* **DATASET CONTENT**:
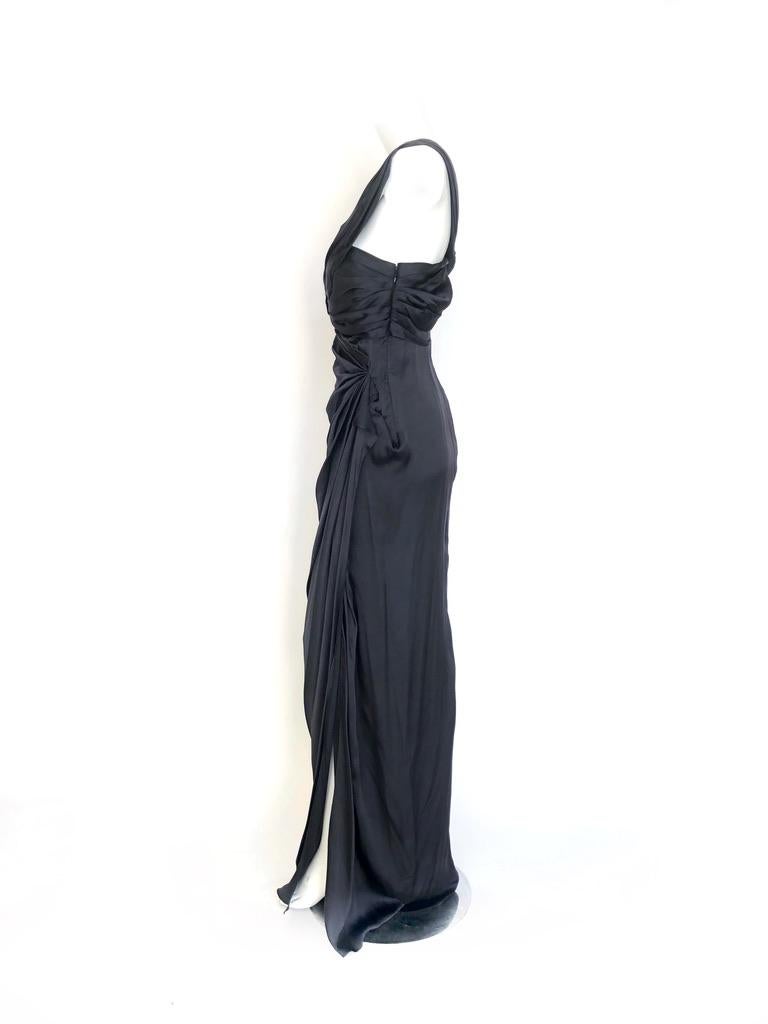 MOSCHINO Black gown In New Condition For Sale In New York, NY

---

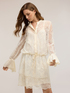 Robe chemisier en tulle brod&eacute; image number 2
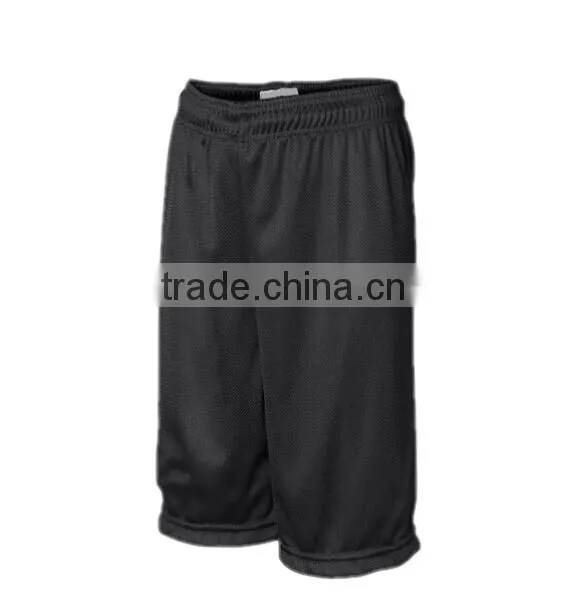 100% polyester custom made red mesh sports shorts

* **WHAT THE TASK REQUIRES**: Would you copy out, exactly and with no pictures, only the lines above from the one that contains "Robe chemisier en" through the one that contains "100% polyester custom"?

* **RESULT**:
 Robe chemisier en tulle brod&eacute; image number 2
 100% polyester custom made red mesh sports shorts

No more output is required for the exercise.